Work to complete –
Could you please retype exactly the lines from the start of the records below through the line that contains "Eleanor Hyde by", both included, and leave out the pictures?

Collection entries:
--- START ---

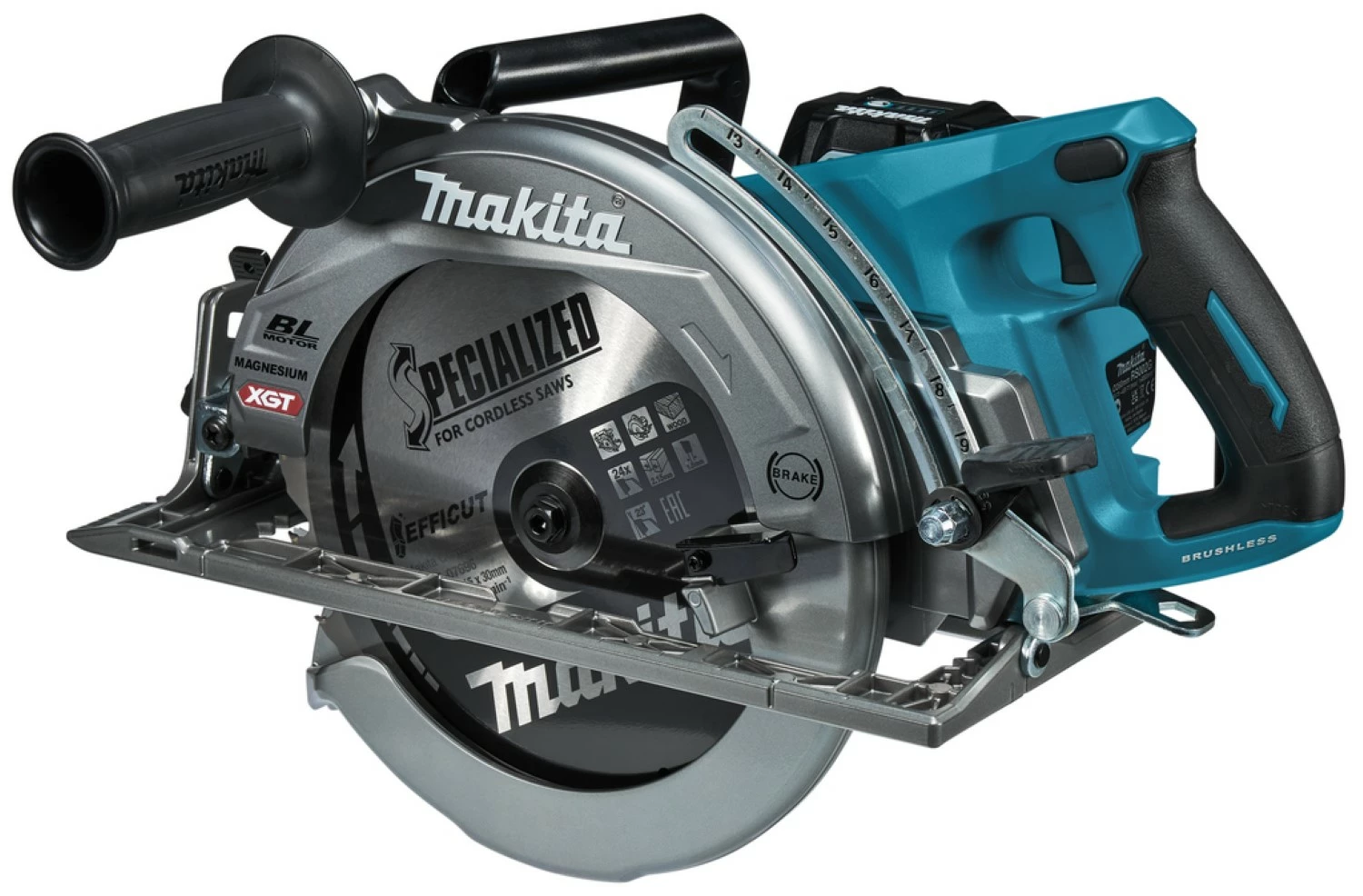 Makita RS002GT101 XGT 40V Max Li-ion Accu Cirkelzaag 260 mm set (1x 5,0Ah) - koolborstelloos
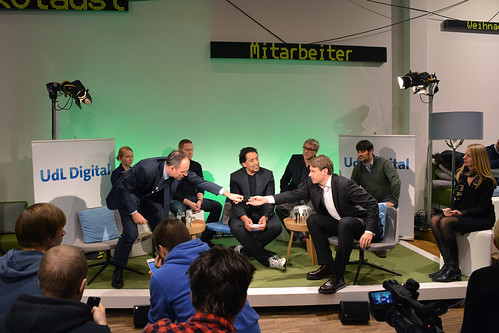 Foto 22 von 115: UdL Digital Talk mit Christop Keese, Kay Oberbeck und Cherno Jobatey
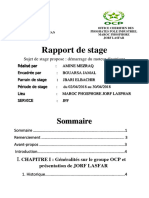 Rapport de Stage Service JFF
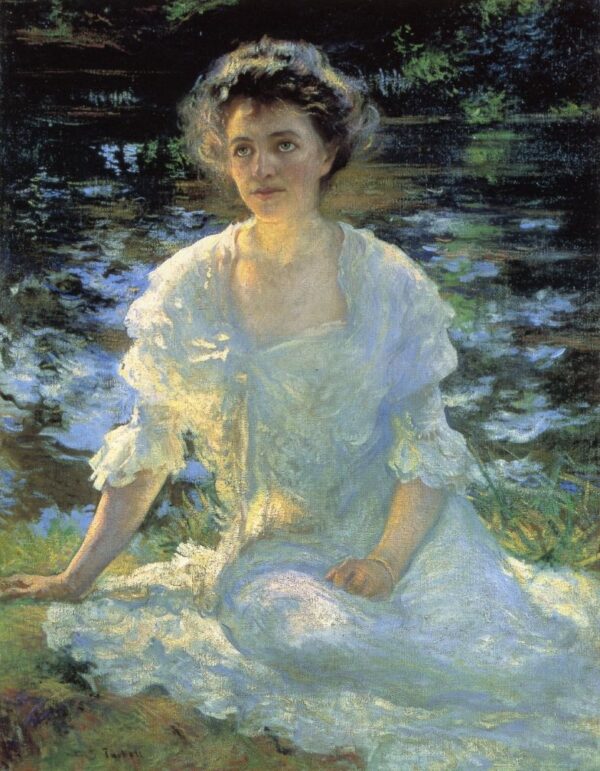 Eleanor Hyde by Edmund Tarbell, hand-painted oil painting reproduction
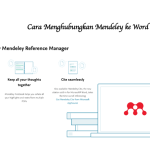 Cara Menghubungkan Mendeley ke Word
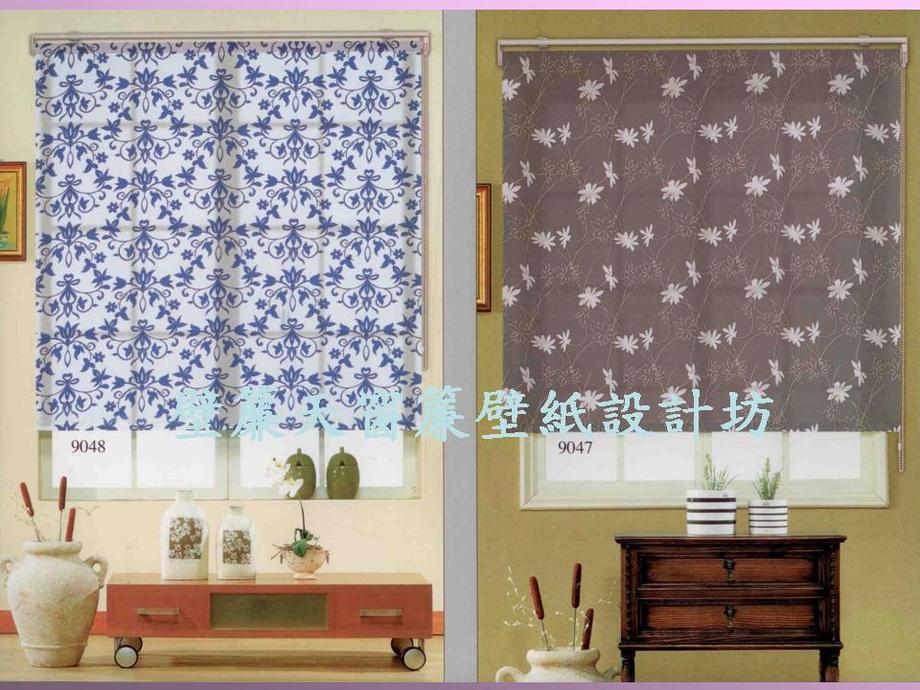 透光不透視捲簾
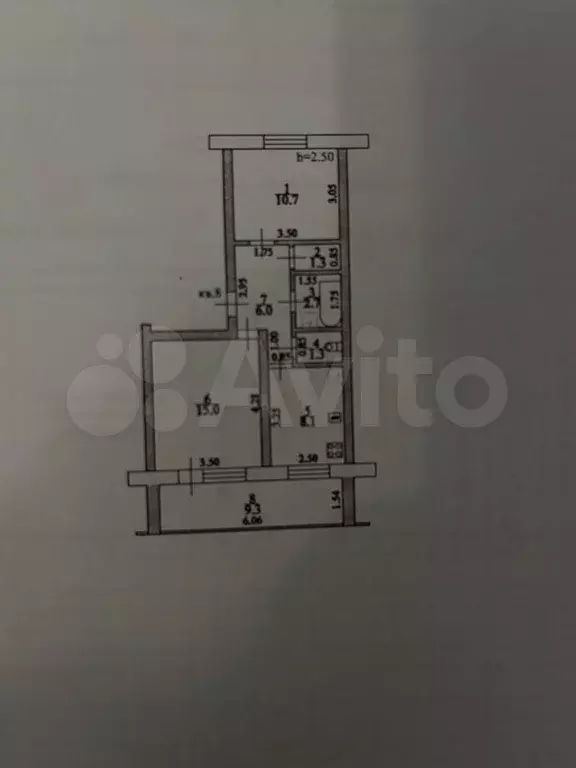 2-к. квартира, 45,1 м, 1/2 эт. - Фото 0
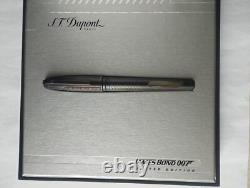 NOUVELLE S. T. DUPONT 007 JAMES BOND ÉDITION LIMITÉE NOIRE PVD 2004 Stylo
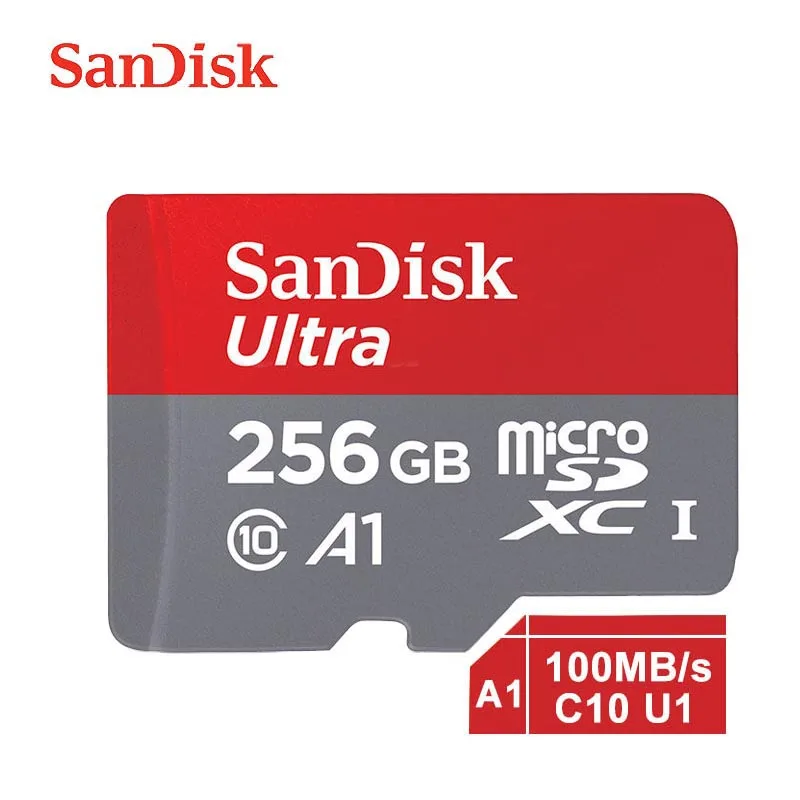 Карта памяти micro sd class10 micro sd карт 128 gb карты памяти 16 Гб оперативной памяти, 32 Гб встроенной памяти, 64 ГБ 128 100 МБ/с. карты памяти мобильного карта памяти для телефона - Емкость: 256GB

--- END ---

Answer to the problem –
 Makita RS002GT101 XGT 40V Max Li-ion Accu Cirkelzaag 260 mm set (1x 5,0Ah) - koolborstelloos
 Foto 22 von 115: UdL Digital Talk mit Christop Keese, Kay Oberbeck und Cherno Jobatey
 Rapport de Stage Service JFF
 Eleanor Hyde by Edmund Tarbell, hand-painted oil painting reproduction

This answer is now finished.